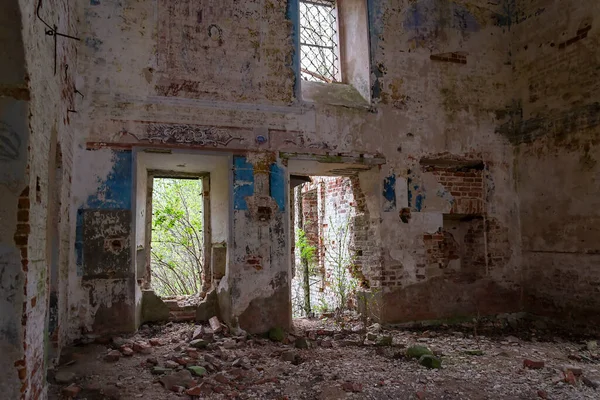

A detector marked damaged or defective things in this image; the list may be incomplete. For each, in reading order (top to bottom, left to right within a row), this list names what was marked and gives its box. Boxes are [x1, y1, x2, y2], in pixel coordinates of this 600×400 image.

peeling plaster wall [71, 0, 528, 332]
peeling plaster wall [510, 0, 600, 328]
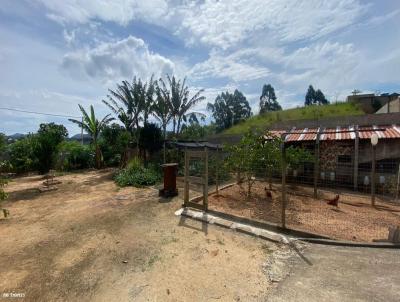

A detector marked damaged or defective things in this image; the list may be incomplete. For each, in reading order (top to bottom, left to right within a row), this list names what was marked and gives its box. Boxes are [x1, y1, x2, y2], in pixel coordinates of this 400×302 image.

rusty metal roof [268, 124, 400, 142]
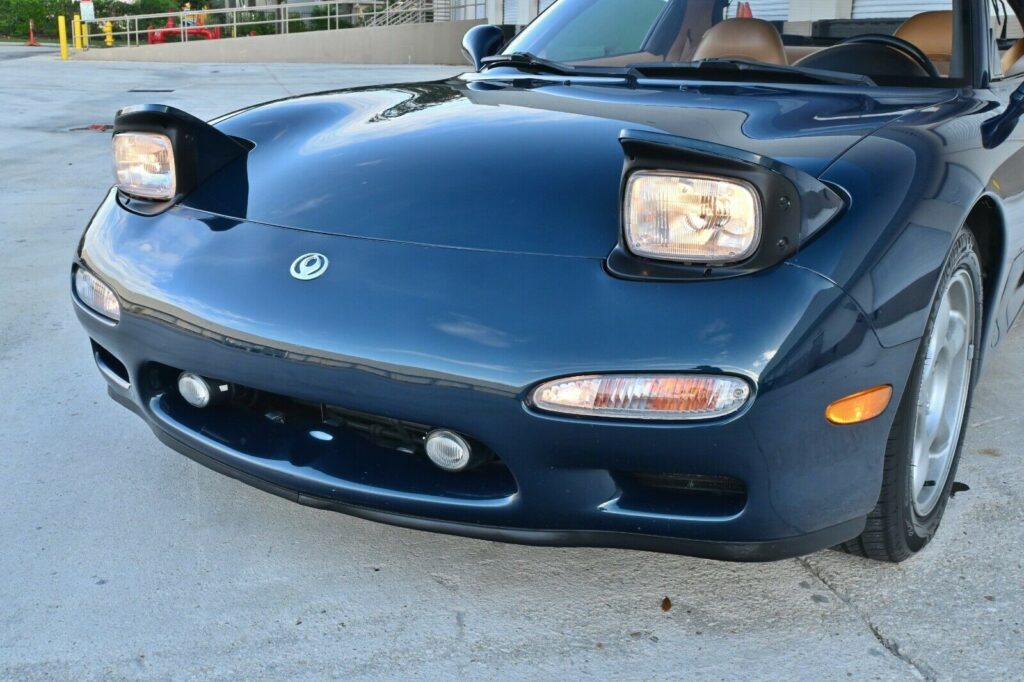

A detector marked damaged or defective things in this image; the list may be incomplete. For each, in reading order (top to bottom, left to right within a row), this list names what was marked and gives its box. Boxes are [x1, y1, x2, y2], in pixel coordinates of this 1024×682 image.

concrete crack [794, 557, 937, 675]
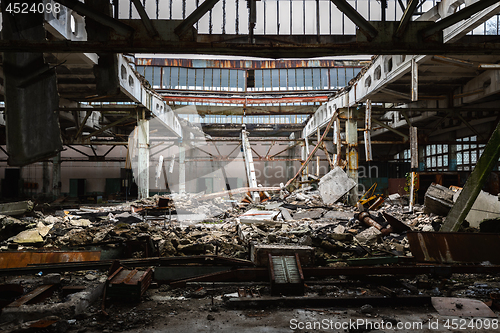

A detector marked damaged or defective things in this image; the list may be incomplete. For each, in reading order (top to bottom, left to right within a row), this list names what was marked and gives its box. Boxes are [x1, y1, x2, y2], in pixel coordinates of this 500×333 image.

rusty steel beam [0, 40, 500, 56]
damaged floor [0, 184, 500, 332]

Your assignment
Repeat the material above exactly; any picture in it is left out.

The completed task
A detector marked damaged or defective things in this image; the list may be incomplete. For each, in reading order (top to bottom, left to right within a row), this list names what was marked and gives its box. Boxes are [x1, y1, x2, y2], in pixel coordinates of this 600×400 image.

peeling plaster wall [71, 0, 528, 332]
peeling plaster wall [510, 0, 600, 328]

A detector marked damaged or defective things in this image; the list may be incomplete. For each, in reading order (top to bottom, left to right within a row), this list names what was marked and gives its box. Boxes are [x1, y1, x2, y2], in pixel coordinates of this 400×302 image.

rusty metal roof [268, 124, 400, 142]

A detector marked damaged or defective things in this image; the list may be incomplete. For each, in reading order (top to bottom, left to right within a row), this list names what was marked and gives its box. Boxes are [x1, y1, x2, y2], in pixel coordinates of this 1024×682 image.

concrete crack [794, 557, 937, 675]

A detector marked damaged or defective things in this image; the list may be incomplete. For each, in reading order (top to bottom, left to right within a row), this list names what was marked and gives its box. Boxes are [x1, y1, x2, y2], in pixel coordinates of this 500×333 image.

rusty steel beam [0, 40, 500, 56]
damaged floor [0, 184, 500, 332]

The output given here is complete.